I chose not to have kids so I have no skin in the argument between SAHM and WOHM.
However....I am the daughter of a SAHM. I was born in the 70's and her tale was that she was forced to give up work (in a creative field). Except, she wasn't. Plenty of other women continued to work in that field after children. The truth was, my mother didn't bother going back after I was born and by the time my brother was born, she had been out of the workplace for 2 years.
We grew up poor. Very poor. Our father was a manual worker and although my mothers job wouldn't have been massively paid it would have meant the following, if she'd gone back to work...
- we would have had food every day....some days there was just a plate of chips for us. An egg if we were lucky
- we would have been able to have hobbies
- we would have learnt to swim (something Im still embarrassed about today and cover up by claiming I'm frightened of the water....im not...I have always yearned to be able to swim)
- we would have gone to school in clean clothes because we would have had a change in school uniform or enough electric on the meter to wash our clothes
- we could have had holidays like the other kids
- we could have had treats
Instead our childhood was dull and miserable and boring.
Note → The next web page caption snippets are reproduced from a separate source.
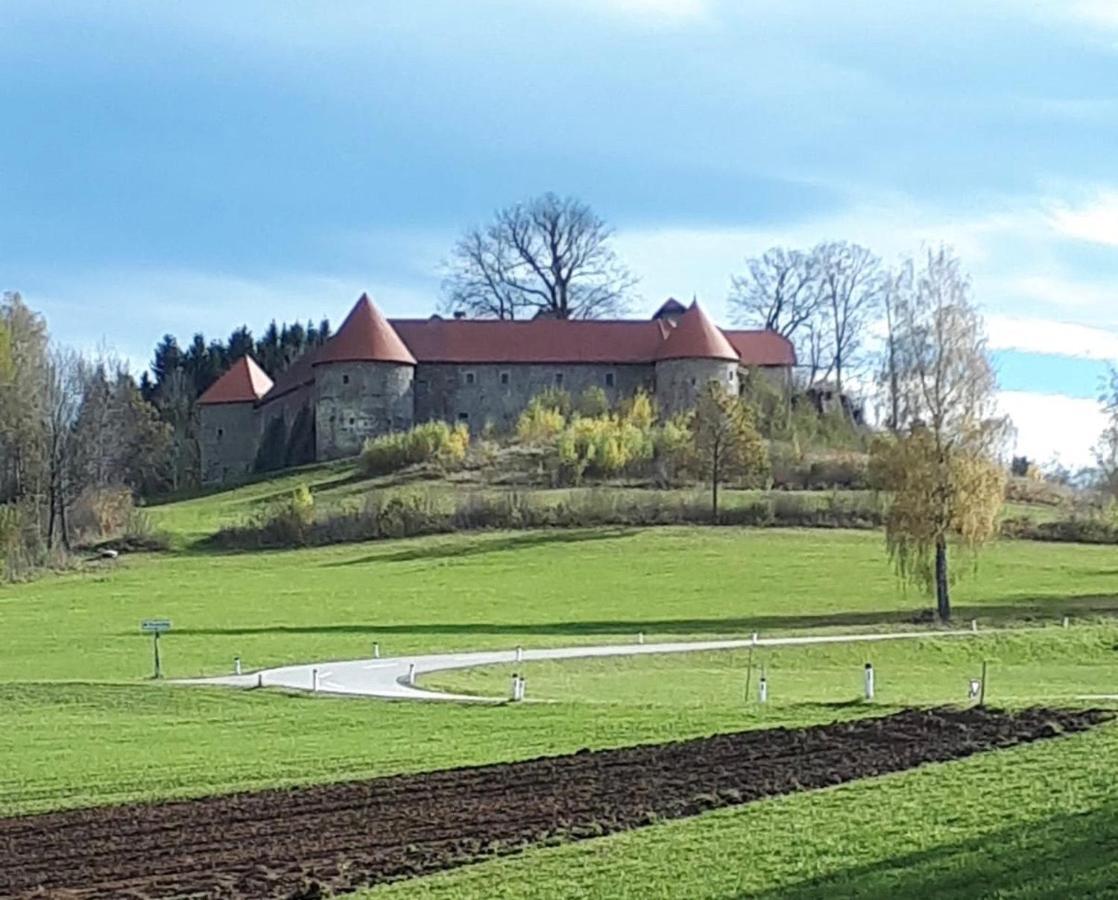 Villa Ferienbauernhof Koller  Helfenberg Exterior foto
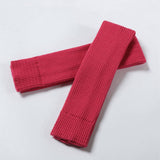 AUTUMN AND WINTER WARM BALLET KNEE SOCKS_CWMS0741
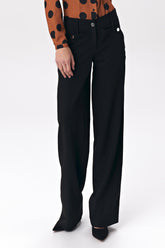 Pantalón de mujer modelo 140890 Nife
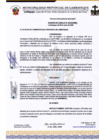 Vista preliminar de documento Acuerdo de Concejo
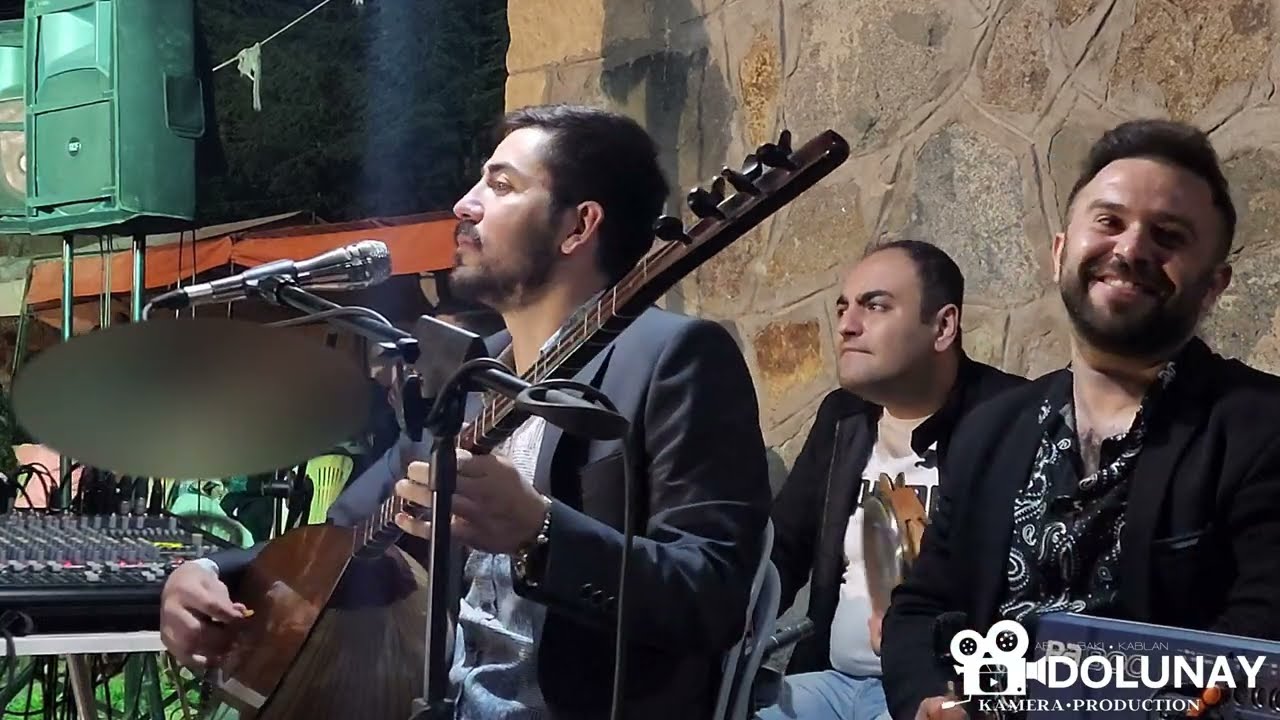 Okan BABACAN & Neyse Boşver & Gardaşlık & Saçıyon Liraları & Çok Ararsın Beni& Çağırıyom Kız Duysana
Mostly it was insecure and stressful.
My dad had a heart attack at 50 when I was away at uni (no money from my parents to cushion me I had a grant and loan and that was it). They had bought their council house a few years before but once he was not working my brother (in an apprenticeship) and I ( a student) had to bail them out. I had no money for the usual student life of pubs and fun. My brother had no money for anything. And it was all for nothing as the house was repossessed anyway in the end.
But of course we had lovely memories of quality time with our mother at home in our childhoods? Like fuck we did. Our childhood was one stress after another. There were no days out, no crafts, no fun ....because there was no money for anything because my mother refused to work and my father was working himself into the ground.
I'll repeat that. My father worked himself into the ground while my mother stayed at home.
Reading threads like this, I feel for the men working 80 hour weeks so their wives can stay at home with the children. My father, luckily still,alive who,st she is dead, is finally spending the time with his children that he couldn't do when we were young because he always had to work - as he worked in agriculture then every summer he would do his day job, then do extra hours helping with the harvest.
If our mother had worked she would have been a happier person. She might have even been a better mother. Our dad would have spent time with his children who he worshipped. My brother and I might have been happier, had a more exciting life. We might not have Made the bad choices in partners we had - both of us going for the empty promise of financial security rather than waiting until we met someone we loved.
We might have had kids ourselves.
Of course, all the women who stay at home on here are going to argue that their children are grateful and they get all they need and want. Maybe they are telling the truth, who knows. I certainly know that I was brainwashed into believing that my mother was better than my friends mother because she didn't work.....that would be the friend whose parents were able to afford riding lessons and a caravan holiday in Cornwall, while we went to the local beach.
My childhood and disastrous first marriage taught me this....that it is insane to not work and earn your own money. Financial independence is more than treats and holidays. It is being able to pay the bills, the rent, the mortgage yourself and not have to spend sleepless nights worrying or dread the post coming.....it is what every girl should aim for.